In the light of the recent local council results, there is merit in some unionist representatives and commentators recognising a need to ensure that support for the union is not the sole preserve of what is seen in a binary analysis of society, as one section of a divided community, namely Protestant.
Terry WrightTerry Wright
Terry Wright

If this is a survivalist strategy driven by a crude demographic calculation and electoral trends, political unionism will gain little and at best buy time. There are indications

Intentionally or otherwise, the tone adopted seems condescending and the comments patronising with echoes of Captain Terence O’Neill’s suggestion that ‘if you give Roman Catholics a good job and a good house, they will live like Protestants.’

This was never appropriate or relevant and the same is the case today.

It smacks of the expedient couching of identity politics, old attitudes and prejudice in new language but limited conviction.

There is similarity in the politics of rights and equality.
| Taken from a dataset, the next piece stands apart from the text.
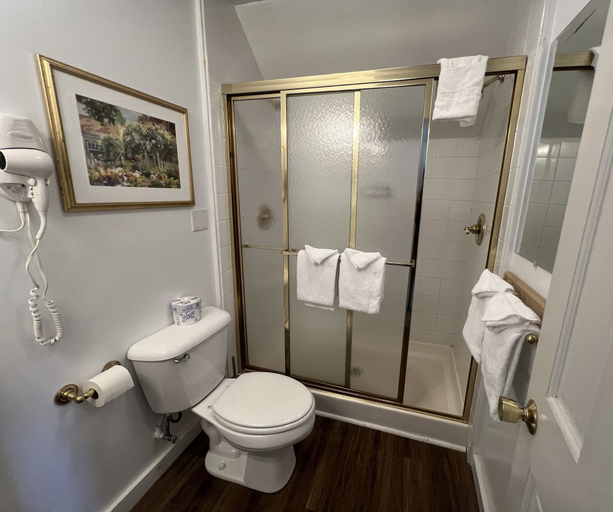 Bathroom 4, Echo Lake Inn, Windsor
Addressing a problem requires that you identify it correctly.

Political unionism would do well to take a long and honest look at itself.

Those within who obsess anxiously about holding a line where the union encompasses everything they touch or long for a return to an idyllic normality of party patronage never experienced by a majority of the population should not be permitted to act as an impediment to overdue political changes.

Unionism for a shared and agreed Northern Ireland should be leading the discussion within the structures and in the spirit of the Good Friday Agreement.

Instead it opts for timid and tentative expediency.

This is the politics of the false prospectus.

There is strong evidence to indicate that some of the unionist electorate either did not vote and contributed to the barely acknowledged 50 per cent absent from the polls or voted for representatives more closely aligned to their views on Brexit and social justice issues not reflected within the unionist parties.

Generationally, the evidence is compelling.

It is also the case that some who voted for unionist representatives did so in spite of their policies: Better a flawed union than no union.

Within civic and community unionism there is an unsatisfied desire for political stability and an end to the current impasse which has been allowed to become too deeply embedded.

It is at odds with a self-limiting and conformist unionist hierarchy in terms of policy preferences. In terms of unionist politics, unionism is becoming its own trojan horse

A shared future can only be built on finding collaborative solutions to current problems.

This means offering a sustainable modern agenda for unionist politics which breaks with outdated thinking on Gaelic, Marriage Equality and other rights issues to create space for effective measures on job creation and reform in other important areas affecting everyone.